EXERCISE MATERIAL Block Start

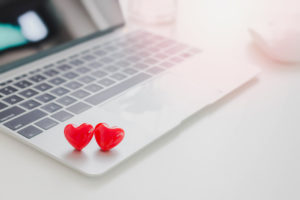 close up photo of a laptop with two red love hearts on it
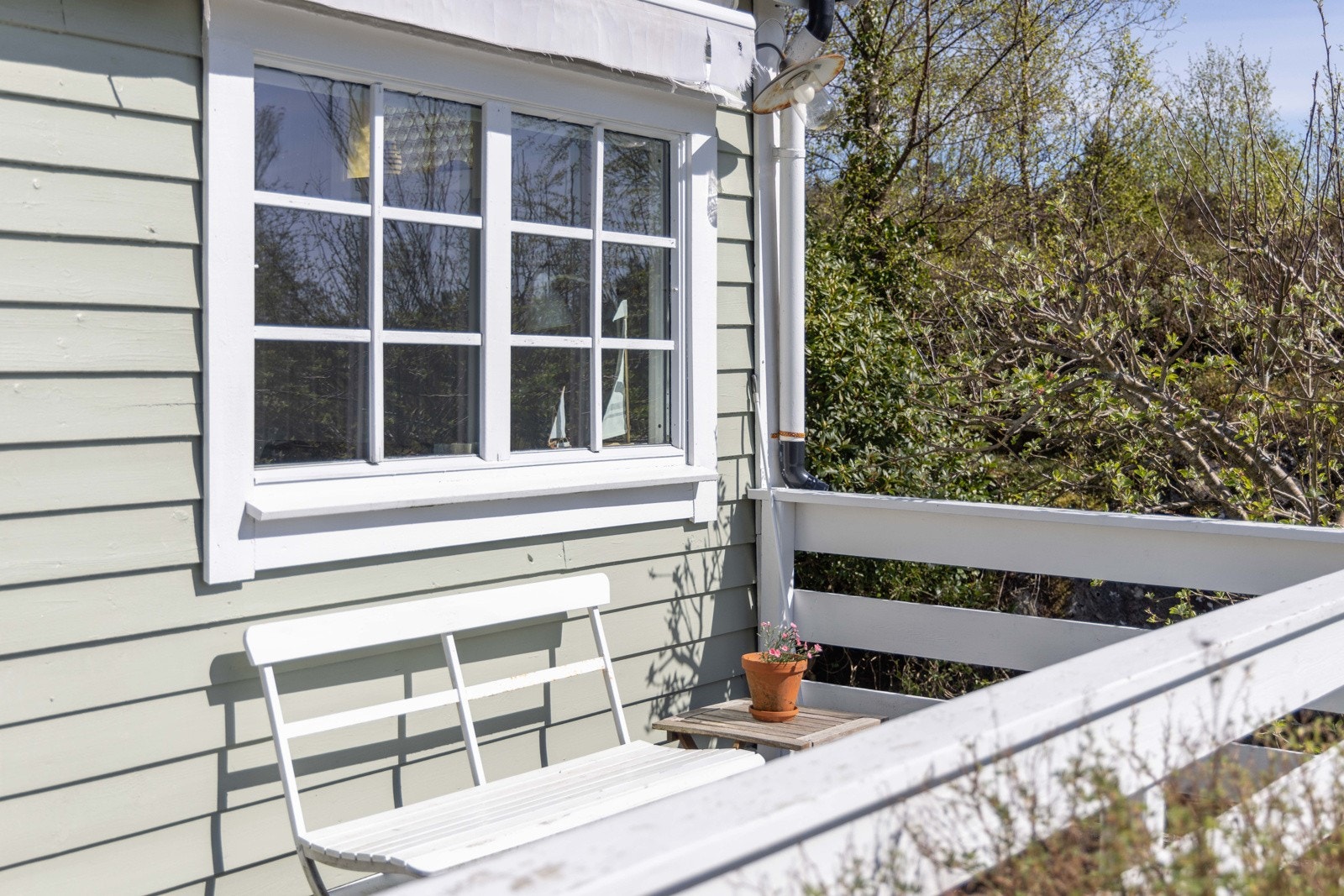 Terrassen i front bader i ettermiddags- og kveldssol - et naturlig samlingspunkt. Galleribilde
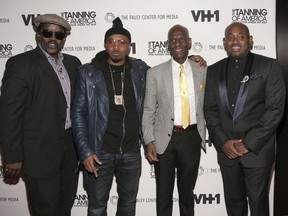 FILE - In this Feb. 20, 2014 file photo, from left, recording artists Fab Five Freddy and Nas, fashion designer Dapper Dan and author Steve Stoute attend a screening of "The Tanning of America: One Nation Under Hip Hop" in New York. Harlem designer Dapper Dan spent years in the 1980s with a client list that included the who's who of hip-hop before legal issues over the clothes he was making got in the way. Now the fashion groundbreaker is back after more than two decades out of the public eye. He's got a partnership with Gucci and the likes of superstar entertainer Beyonce among those wearing his designs.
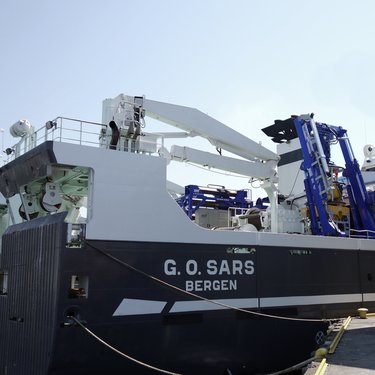 Research vessel G.O. Sars docked, featuring cranes and equipment on deck under clear skies.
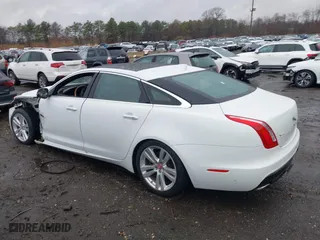 2017 Jaguar XJ with VIN SAJWA2G73H8W04310, listed as a IAAI auction lot 40914491 with 62,102 mi miles. Bid and sale history available at carsss.com. Image 14.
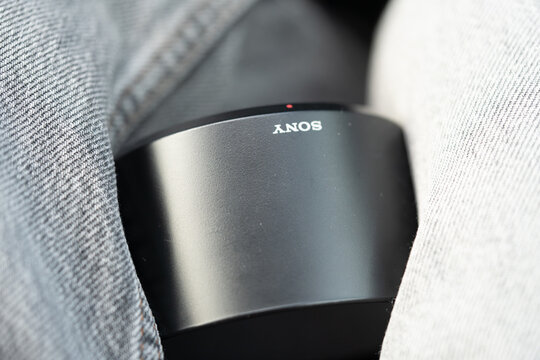 Moscow, Russia - April 6, 2026:Extreme close-up of a Sony lens hood resting on someone&rsquo;s lap. Visible "Sony" branding. Photography gear detail, texture, and product focus.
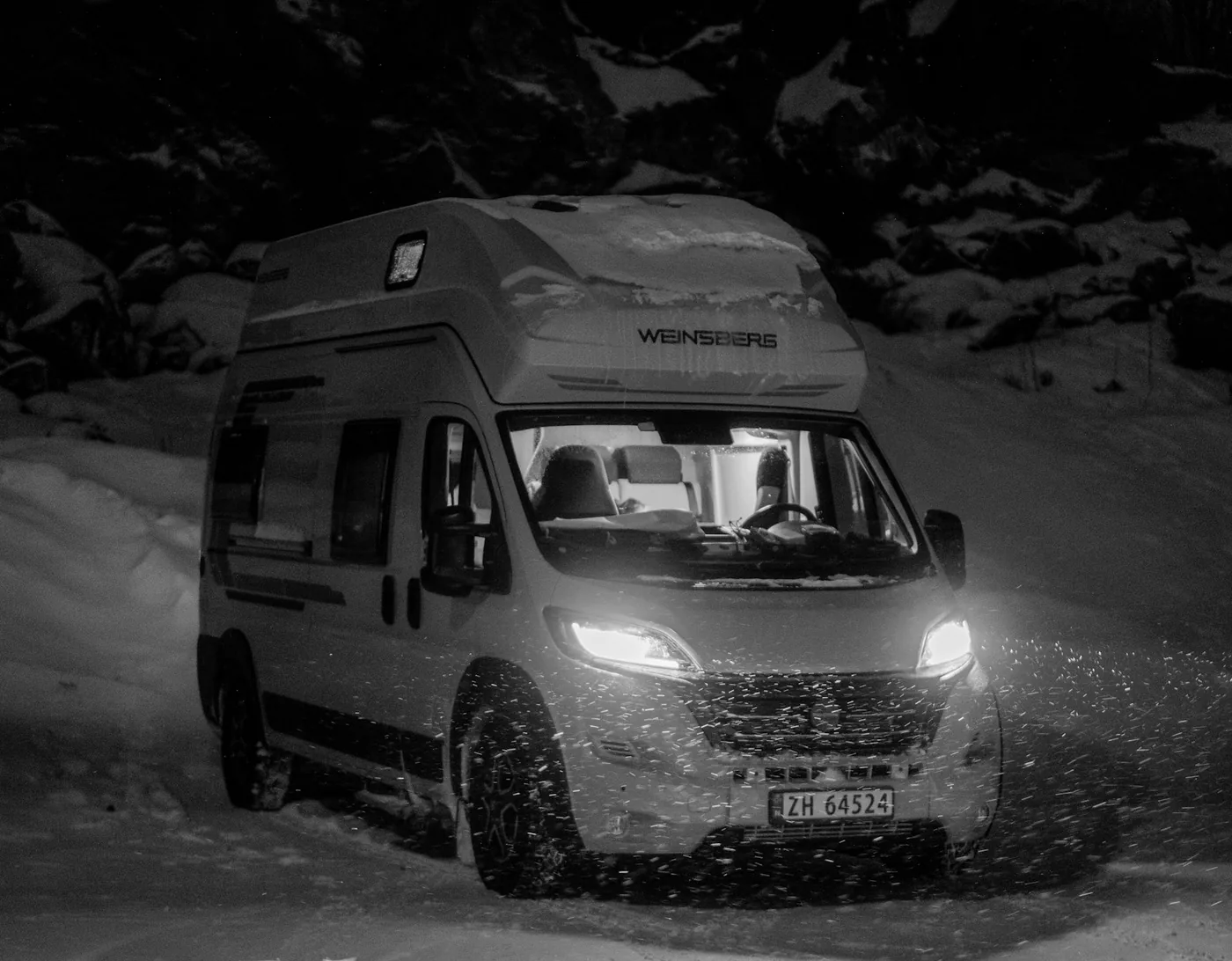 Camper van with its headlights on parked on a snowy slope at night in falling snow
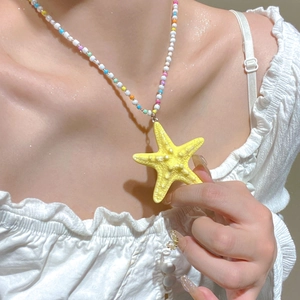 Close-up of bohemian summer necklace with colorful beads and textured yellow starfish pendant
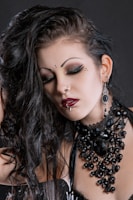 A person with Gothic style makeup, including dramatic eyeliner and red lipstick, is shown with closed eyes. Dark, wavy hair falls over the shoulder, and they wear elaborate black jewelry featuring beads and large stones, paired with matching earrings. A nose ring and lip piercing are also visible.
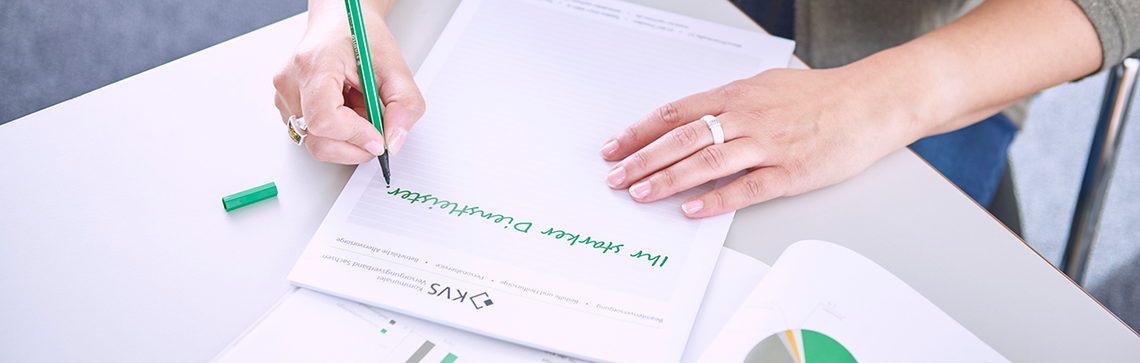 Foto einer Mitarbeiterin, die den Slogan des KVS aufschreibt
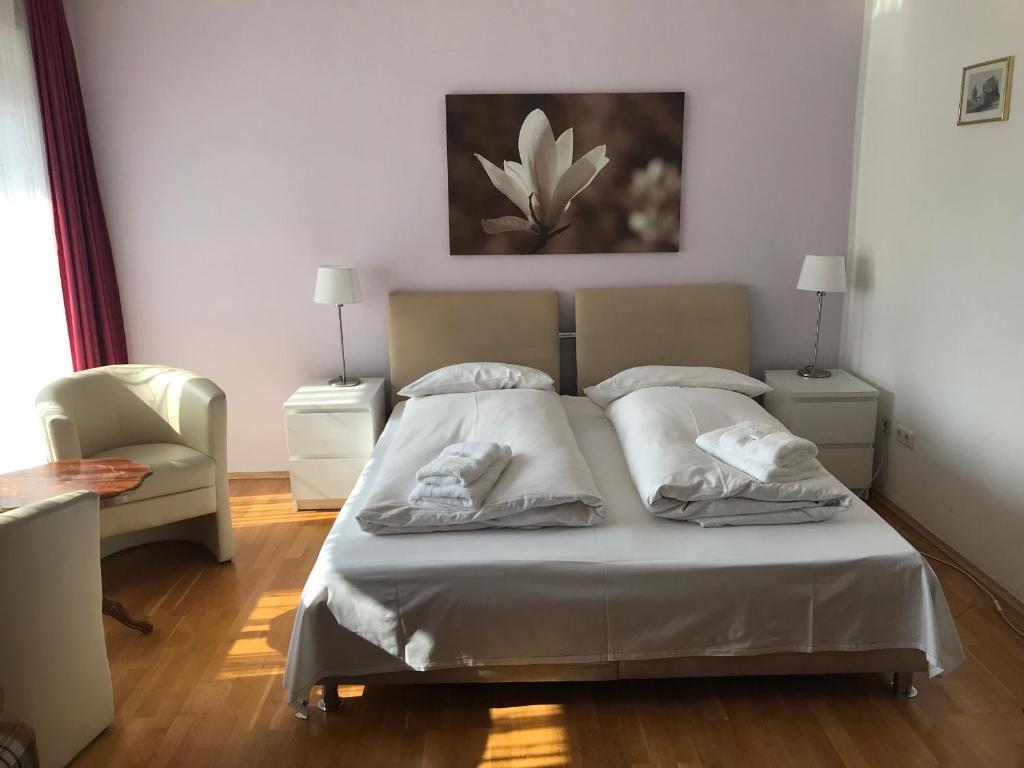 a bedroom with a bed with two pillows and a chair at Hotel-Pension Asta in Munich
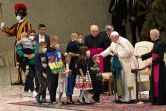 Le pape François, un drapeau ukrainien venant la ville de Boutcha à la main, rencontre de jeunes réfugiés ukrainiens le 6 avril 2022 au Vatican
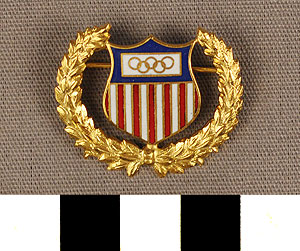 Thumbnail of Commemorative Olympic Pin: American Flag, 5 Rings, Laurel Wreath (1977.01.1008)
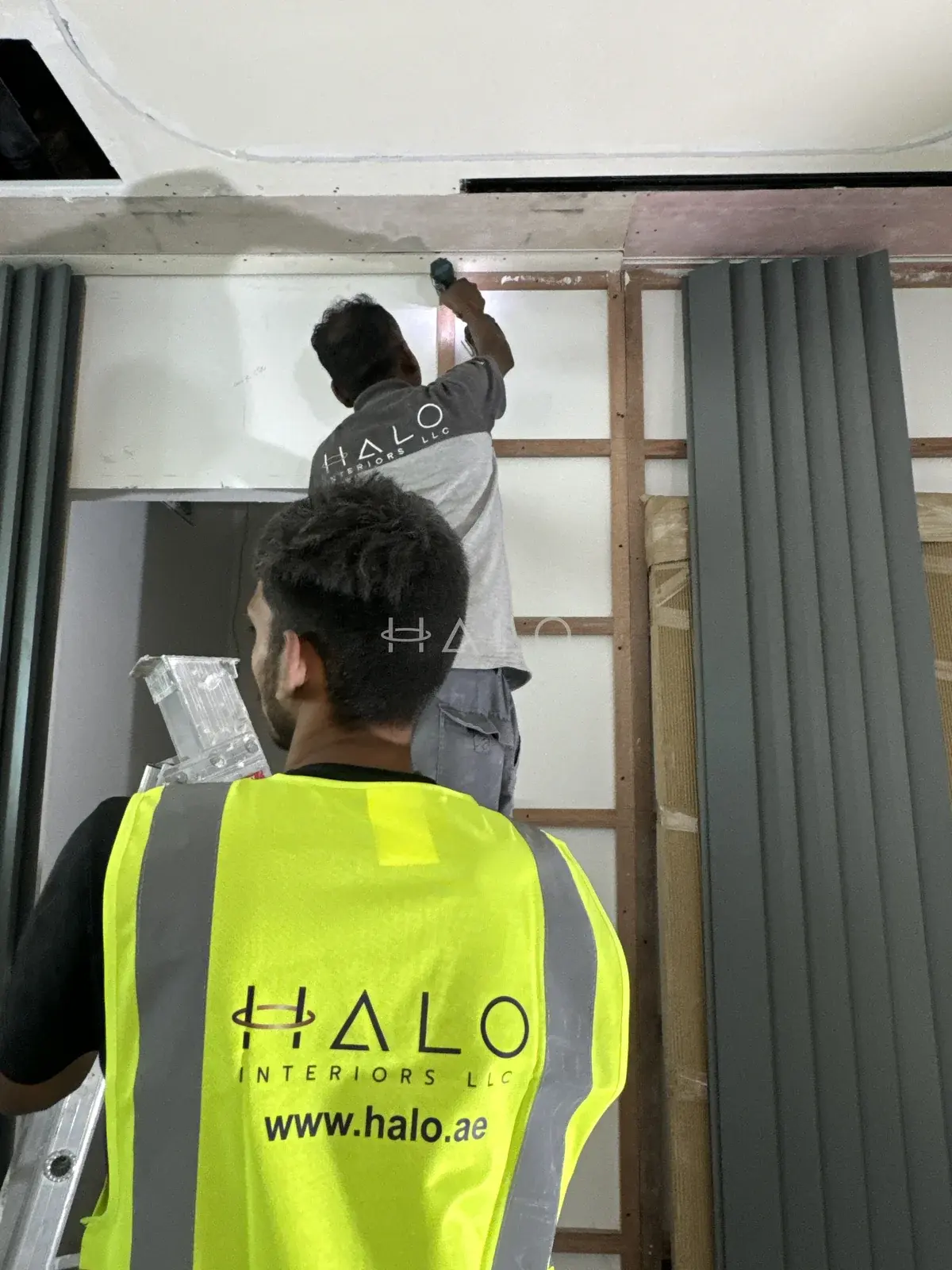 Wall panelling installation team — Almas, Halo Interiors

EXERCISE MATERIAL Block End

[REQUIRED WORK]: Give every entry above again, exactly, and keep all pictures out of it.

[OUTPUT FOR THIS EXERCISE]:
 close up photo of a laptop with two red love hearts on it
 Terrassen i front bader i ettermiddags- og kveldssol - et naturlig samlingspunkt. Galleribilde
 FILE - In this Feb. 20, 2014 file photo, from left, recording artists Fab Five Freddy and Nas, fashion designer Dapper Dan and author Steve Stoute attend a screening of "The Tanning of America: One Nation Under Hip Hop" in New York. Harlem designer Dapper Dan spent years in the 1980s with a client list that included the who's who of hip-hop before legal issues over the clothes he was making got in the way. Now the fashion groundbreaker is back after more than two decades out of the public eye. He's got a partnership with Gucci and the likes of superstar entertainer Beyonce among those wearing his designs.
 Research vessel G.O. Sars docked, featuring cranes and equipment on deck under clear skies.
 2017 Jaguar XJ with VIN SAJWA2G73H8W04310, listed as a IAAI auction lot 40914491 with 62,102 mi miles. Bid and sale history available at carsss.com. Image 14.
 Moscow, Russia - April 6, 2026:Extreme close-up of a Sony lens hood resting on someone&rsquo;s lap. Visible "Sony" branding. Photography gear detail, texture, and product focus.
 Camper van with its headlights on parked on a snowy slope at night in falling snow
 Close-up of bohemian summer necklace with colorful beads and textured yellow starfish pendant
 A person with Gothic style makeup, including dramatic eyeliner and red lipstick, is shown with closed eyes. Dark, wavy hair falls over the shoulder, and they wear elaborate black jewelry featuring beads and large stones, paired with matching earrings. A nose ring and lip piercing are also visible.
 Foto einer Mitarbeiterin, die den Slogan des KVS aufschreibt
 a bedroom with a bed with two pillows and a chair at Hotel-Pension Asta in Munich
 Le pape François, un drapeau ukrainien venant la ville de Boutcha à la main, rencontre de jeunes réfugiés ukrainiens le 6 avril 2022 au Vatican
 Thumbnail of Commemorative Olympic Pin: American Flag, 5 Rings, Laurel Wreath (1977.01.1008)
 Wall panelling installation team — Almas, Halo Interiors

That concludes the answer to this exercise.